For me, the source of dissonance (if I can call it dissonance) is the excess of joy that cuts through the Nothing. The meaning that somehow, someday always breaks through, filling me with gratitude for life, both this present life and the “life of the world to come,” as the Nicene creed calls the new life that believers in Jesus look forward to after the resurrection of the body.

I want to explore this more in a future post, but I’ve been thinking a lot about how to go about building wisely in an intellectual climate of deconstruction. My generation of Christians (or perhaps my “brand” of Christianity) has a kind of allergy to easy answers, absolutism, and certainty. This is a natural and, to an extent, healthy reaction to the religious dogmatism of previous generations. That very dogmatism was (I suspect) bound to fall apart because it was forged in the fires of rationalism. Rationalism assumed that the best (nay, the only) kind of knowing resulted through human reason and objective observation. Western Christianity could survive in that climate when church dogma was assumed to be part of the truths of human reason, but once everyone figured out that the truths of Christianity were not universally “self-evident,” Christian dogma had to be relegated to the sphere of subjectivity (of revelation rather than human deduction) – which had already been deemed inferior to the sort of knowing that was “provable” through experimentation.
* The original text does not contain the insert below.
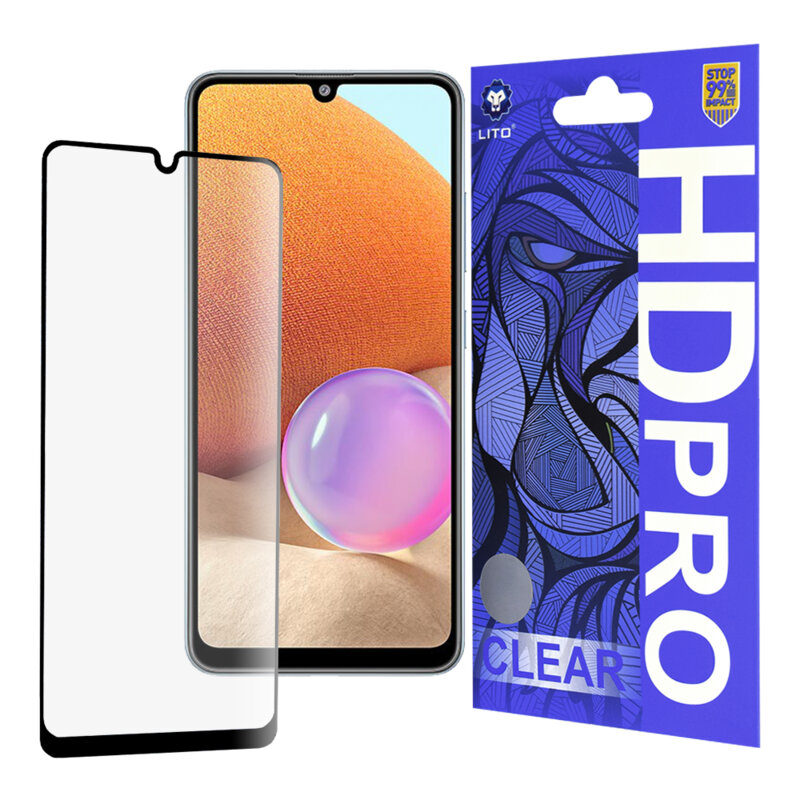 Folie sticla Samsung Galaxy A32 4G Lito HD Pro Clear, negru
By now, most everybody in the academy (regardless of religious adherence or lack thereof) has figured out that no one can view anything objectively, which is why we’re always awkwardly apologizing in our papers for our limitations and unobjectivity. It’s embarrassing, really – the fact that we're not God. Because we are limited human beings, we’re only allowed to say “I believe” and not “it is” – but our intellectual heritage has already taught us that the subjective “I believe” is inferior to the objective “it is,” so we feel bad about “I believe.”
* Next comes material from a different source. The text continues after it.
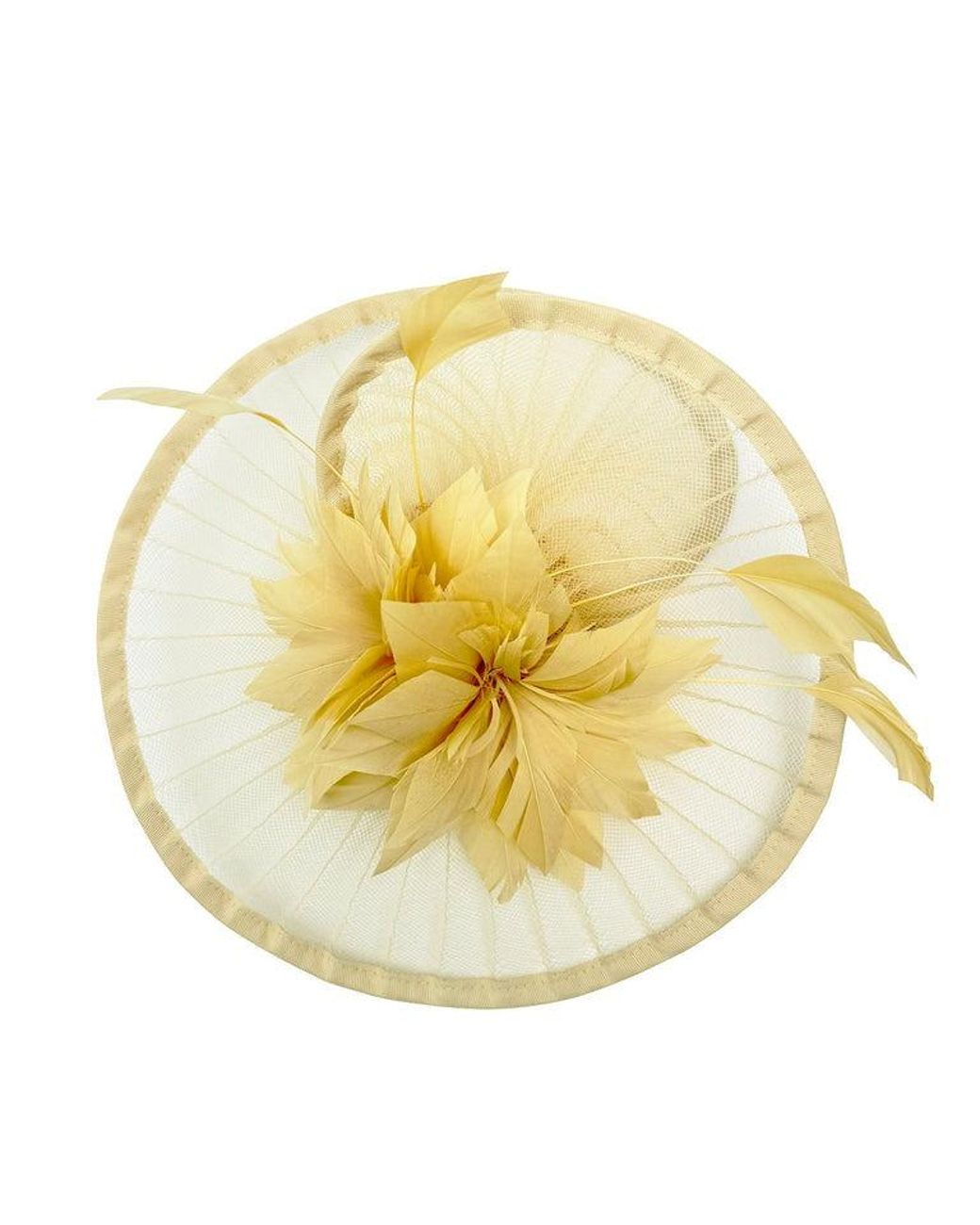 SVNX Metallic Spiral Circular Brim Fascinator With Feathers Burst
All this to say: my generation knows it needs to find a different kind of knowing, not one that is necessarily antithetical to Christian dogma, but one that sees faith, doubt, and dogma working together. But we are often at a loss as to how to rebuild our faith without resorting to cookie-cutter answers and insincere platitudes in responses to real suffering and tough theological problems. The unfettered dogmatism of our forebears frightens us – we cannot go back there, nor do we wish to. 

But what do we do when Nothing arrives in its place, when even our shanty towns of meaning crumble and we are left in the dark surrounded by rubble?